Middleton v. Middleton

376 S.E.2d 368, 259 Ga. 41
CourtSupreme Court of Georgia
DecidedMarch 2, 1989
Docket46252
StatusPublished
Cited by4 cases

This text of 376 S.E.2d 368 (Middleton v. Middleton) is published on Counsel Stack Legal Research, covering Supreme Court of Georgia primary law. Counsel Stack provides free access to over 12 million legal documents including statutes, case law, regulations, and constitutions.

Bluebook
Middleton v. Middleton, 376 S.E.2d 368, 259 Ga. 41 (Ga. 1989).

Opinion

Hunt, Justice.

The trial court ruled that the wife had waived her right of privacy by engaging in lascivious conversations over the family telephone which had been tapped by her husband, and thus, that the tape-recorded conversations would be admissible in their upcoming divorce trial.

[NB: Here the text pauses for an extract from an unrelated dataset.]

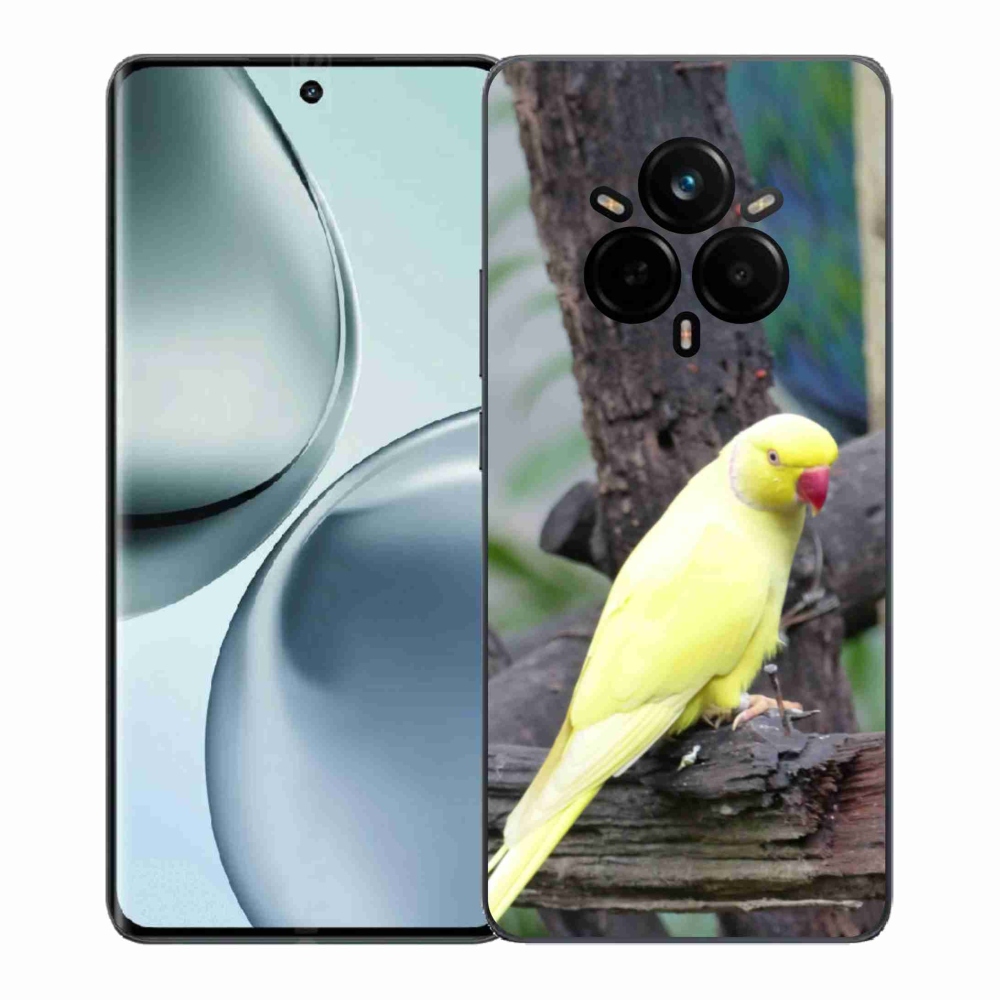 Zselés borítás mmCase a Realme 14 Pro 5G készülékhez - papagáj alexander sárga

We granted the wife’s application to appeal.

1. In Ransom v. Ransom, 253 Ga. 656 (324 SE2d 437) (1985), we held that such tapes, made in violation of OCGA § 16-11-62, 1 were inadmissible in a divorce trial, but did not reach in that case the issue of waiver. The trial court here, relying on the fact that the tapes were made while the husband and wife were still cohabiting before the divorce was filed, held that the wife waived her right to privacy by engaging in conversations concerning an extramarital affair and her intention to marry her paramour after the divorce. We disagree.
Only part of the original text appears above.